The goal of preprocessing is to truncate the vocabulary, remove all the words that are not in the vocabulary and then put the text into numpy arrays. Then we split the data into training validation and test set and compute statistics of the data that we need to use in the algorithm (e.g the number of words in each group, and the names of the groups).

These are the steps. They are described in detail below:

  1. Decide on filenames for groups
  2. Create vocabulary file and save text data in numpy arrays
  3. Subsample the data and split into training and testing
  4. Create dat_stats.pkl
  5. Generate negative samples for evaluation

An example dataset called lorem_ipsum is included to demonstrate the steps.

Reqired Input

The following folder structure is required to run structured Bernoulli embeddings.

Before Preprocessing:

Assumption: Your text is in text files in the dat/[dataset_name]/raw/ subfolder.

dat/
    [dataset_name]/
        raw/
            *.txt

After Preprocessing:

The preprocessing scripts will add the following folders and files

dat/
    [dataset_name]/
        unigram.txt
        dat_stats.pkl
        raw/
            *.txt
            *.npy
        train/
            *.npy
        test/
            *.npy
            /neg
                *.npy
        valid/
            *.npy
            /neg
                *.npy

The train/, test/ and valid/ folders will contain the .npy files with the data. The file unigram.txt contains the vocabulary and the vocabulary counts and the file dat_stats.pkl contains a pickle object that holds a python dictionary with information about the data required to run the algorithm.

Example: Lorem Ipsum

This folder contains an example dataset. Text files are in lorem_ipsum/raw/*.txt. Running the python scripts

python step_1_count_words.py
python step_2_split_data.py
python step_3_create_data_stats.py
python step_4_negative_samples.py

without modification (and in numerical order) will prepare the dataset for fitting structured embeddings.

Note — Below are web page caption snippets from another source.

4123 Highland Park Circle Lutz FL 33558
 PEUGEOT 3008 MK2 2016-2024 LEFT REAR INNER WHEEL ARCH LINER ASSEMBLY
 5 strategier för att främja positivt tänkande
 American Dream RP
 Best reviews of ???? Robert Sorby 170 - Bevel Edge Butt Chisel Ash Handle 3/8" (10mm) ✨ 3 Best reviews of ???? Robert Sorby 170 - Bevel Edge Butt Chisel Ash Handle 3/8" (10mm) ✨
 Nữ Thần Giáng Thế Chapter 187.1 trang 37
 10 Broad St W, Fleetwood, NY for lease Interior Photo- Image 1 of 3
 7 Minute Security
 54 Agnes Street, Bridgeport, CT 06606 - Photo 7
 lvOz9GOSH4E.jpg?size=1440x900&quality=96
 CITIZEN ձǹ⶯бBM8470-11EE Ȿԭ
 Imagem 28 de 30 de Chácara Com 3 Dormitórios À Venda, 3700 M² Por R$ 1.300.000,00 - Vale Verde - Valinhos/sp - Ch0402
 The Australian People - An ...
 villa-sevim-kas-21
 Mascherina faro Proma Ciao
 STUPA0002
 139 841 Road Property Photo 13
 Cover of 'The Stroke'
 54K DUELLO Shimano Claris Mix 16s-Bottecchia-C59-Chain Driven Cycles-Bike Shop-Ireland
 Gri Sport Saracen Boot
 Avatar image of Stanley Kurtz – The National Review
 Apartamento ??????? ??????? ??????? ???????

0. Decide on filenames for the groups

Your text files are in the raw/ subfolder. Decide now how many groups you want and give each group its own name. Group names cannot contain underscores as the underscore separates the group name from the rest of the file name.

For example, your folder could contain the file names:

Group1_rest_of_filename_xxx.txt
Group1_rest_of_filename_xyz.txt
Group1_rest_of_filename_yyy.txt
...
Group2_rest_of_filename_xxx.txt
Group2_rest_of_filename_xyz.txt
...
...
GroupN_rest_of_filename_zzz.txt
GroupN_rest_of_filename_yyy.txt

Save the list of group names [Group1, Group2, Group3, ..., GroupN]. You will need it in step 3.

Tip: Instead of having many short files. You might want to have few longer files in each group. Simply concatenate multiple short files into longer text files.

Example: Lorem Ipsum

For the lorem ipsum example, the raw filenames (in lorem_ipsum/raw/) either start with A_ or B_. This means that there are 2 groups with names 'A' and 'B'.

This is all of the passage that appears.